Let's try that again,
This time with an audible sigh on the exhale.
Inhale and squeeze your shoulders up towards your ears,
And then exhale with a sigh,
Dropping your shoulders away from your ears and relaxing the whole body.
And now just allowing the breath to be natural,
Inviting a sense of ease and spaciousness into the body,
Noticing any obvious areas of tension,
Just lovingly asking those areas to soften and relax one at a time.
Asking the face to soften and relax,
The jaw,
Asking the shoulders to soften and relax,
The area around the heart and the belly soft and relaxed.
Feeling more open and more receptive,
One breath cycle at a time.
Inhaling and exhaling,
Following the in-breath and the out-breath.
And now with a relaxed body,
Gently guiding your attention towards the five senses,
Sending the energy of gratitude to each one,
Silently repeating in your head,
Thank you sense of sight as you sense the eyes.
Thank you sense of hearing as you sense the ears.
Thank you sense of smell as you bring attention to the nose.
Thank you sense of taste as you feel the tongue and the mouth.
And thank you sense of touch as you notice what the skin is touching.
Each one of these senses has brought you more joy and more pleasure in your life than you can imagine.
It's important to take time to not take them for granted.
Just taking your time to be more open to these five senses as you continue to breathe and become still.
Have you ever noticed that sounds seem so much more distinct during meditation?
Or that the simplest touch from your yoga teacher during a class can feel so healing?
Have you noticed that the aroma of incense or essential oils smells stronger when you are relaxed and present?
Have you noticed that on a retreat,
The nourishing food is like a taste explosion in your mouth?
And when you walk slowly and mindfully,
You see so much more than you usually notice.
When we slow down and pay attention,
Our senses heighten and our world expands.
So if your eyes are closed,
I invite you to gently open the eyes now,
Looking around the space that you are in.
And notice five things you can see.
Go slow here and you can say them out loud or silently in your head.
With each of the five sights pausing,
Take them in completely as if you have never seen them before.
Maybe labeling them with just one word.
For example,
Tree,
Table,
Cat.
Take your time here.
You can begin to softly close the eyes now.
Return to the breath.
As you now notice four things you can feel in the body,
You can note them out loud or in your head and rest your attention with each sensation for a few deep breaths.
Now naming three things you can hear.
It might be an obvious noise or something more subtle in the background.
Name it with just one word as you take it in fully with the ears.
I'm moving on to note two things you can smell.
If you cannot seem to smell two things in this moment,
It's not a problem.
You can connect to this sense simply by imagining a favorite scent and notice the sensation it brings to the body as you imagine the scent.
And finally,
Notice the taste in the mouth.
It might be the leftover taste of a meal,
Your toothpaste,
Or just your breath.
If you have coffee or tea sitting next to you,
Feel free to take a sip of that now and really connect with the taste and flavors in the mouth and savor it.

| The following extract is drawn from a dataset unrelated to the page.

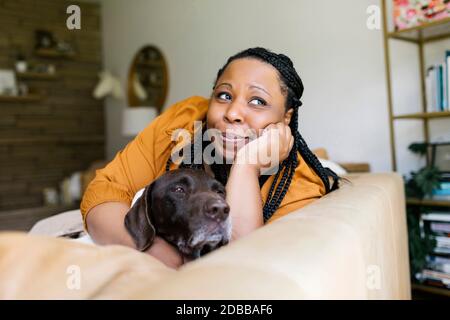 Frau liegt auf dem Sofa mit ihrem Hund Stockfoto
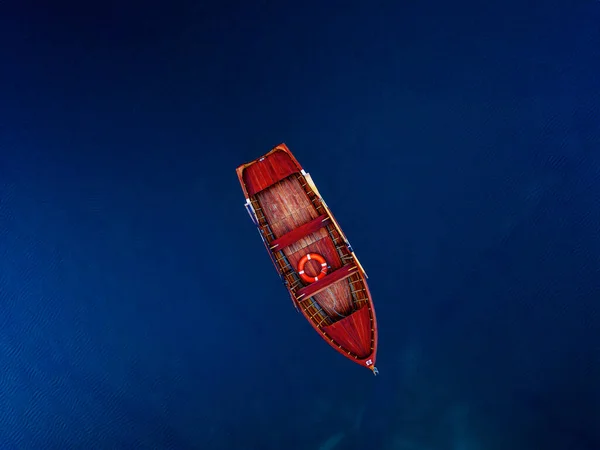 Bir hava görüntüsü, sakin mavi sularda yüzen kırmızı bir tekneyi yakalıyor. Huzur ve yalnızlığı çağrıştırıyor..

Now just sit for a moment with the senses heightened,
Allowing space for an open awareness of your sensory experience.
Practicing being mindful through our senses can help to expand our ability to enjoy our experiences more fully.
A beautiful sight,
A delicious meal,
The voice of a loved one,
The smell and feel of clean sheets.
Practicing being mindful through our senses can also help to cope with hard emotions and anxiety.

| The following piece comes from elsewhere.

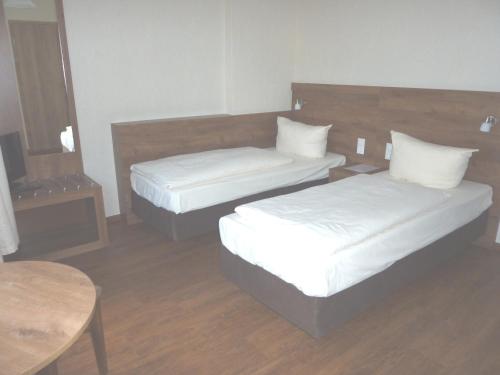 a room with two beds and a table at Hotel am Markt Sankt Goar in Sankt Goar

It can show you that you are in fact in control and you are safe within yourself and your thoughts.
When you do notice you are feeling overwhelmed,
You can use this exercise of noticing five,
Four,
Three,
Two,
One.
Using the senses to bring yourself back to the here and now,
Extending an invitation to be present and to come to your senses.
Thank you so much for joining me today and I will leave you with this beautiful quote from William H.
Gass.
Love requires progressive shortening of the senses.
I can see you for miles,
I can hear you for blocks,
I can smell you maybe for a few feet,
But I can only touch you on contact and taste as I devour.